[Home]

Summary:ASTERISK-14985: [patch] Seg Fault on Transfer with IAX/iLBC
Reporter:Darrin Henshaw (ayth)Labels:
Date Opened:2009-10-14 12:18:10Date Closed:2011-06-07 14:00:58
Priority:BlockerRegression?Yes
Status:Closed/CompleteComponents:Channels/chan_iax2
Versions:Frequency of
Occurrence
Related
Issues:
Environment:Attachments:( 0) core_gdb.txt
( 1) gdb_asterisk_valgrind_core.txt
( 2) issue16070_debug.diff
( 3) Sip_Iax_Core_Debug.txt
( 4) valgrind_asterisk_log.log
Description:Hello,

We recently in our process of upgrading asterisk have run into serious problems. Our environment is as follows:

Asterisk clusters spread across three countries. IAX trunking is done between each office. Running CentOS 4.7 and Asterisk 1.4.26.

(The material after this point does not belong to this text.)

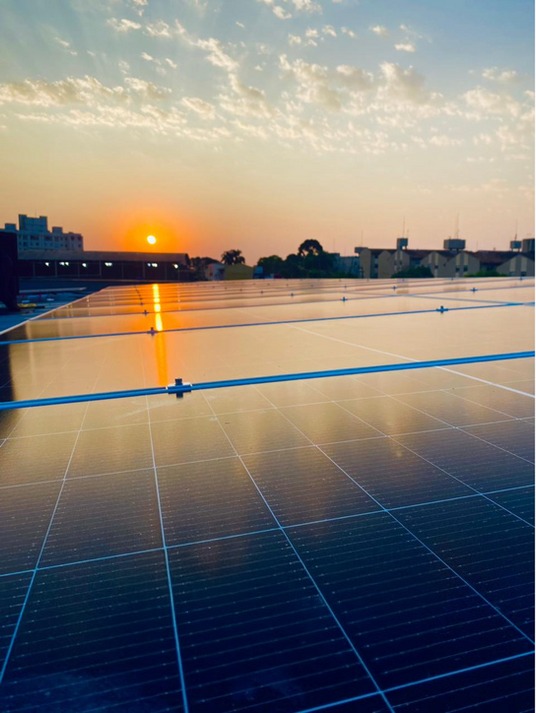 Projeto de energia solar comunitária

We have for the longest time used iLBC as the codec between the offices, and wish to continue, however, we are experiencing seg faults with it. See https://issues.asterisk.org/view.php?id=13116, as we are having the exact same issues, but the patch in this post is already in our code.

When using jitter buffer, with iLBC and Mixmonitor we have seg faults when a user tries to transfer the call to another party within the office. A example call is as follows:

1. Call comes into our system in one office, and is trunked via IAX to another office.
2. Call gets recorded using MixMonitor(with audiohook_inherit), and enters a queue.
3. Call is answered by one of our staff. If the call is completed with that one agent we are fine, however, if that agent needs to transfer it to another person Asterisk seg faults and dumps it's core.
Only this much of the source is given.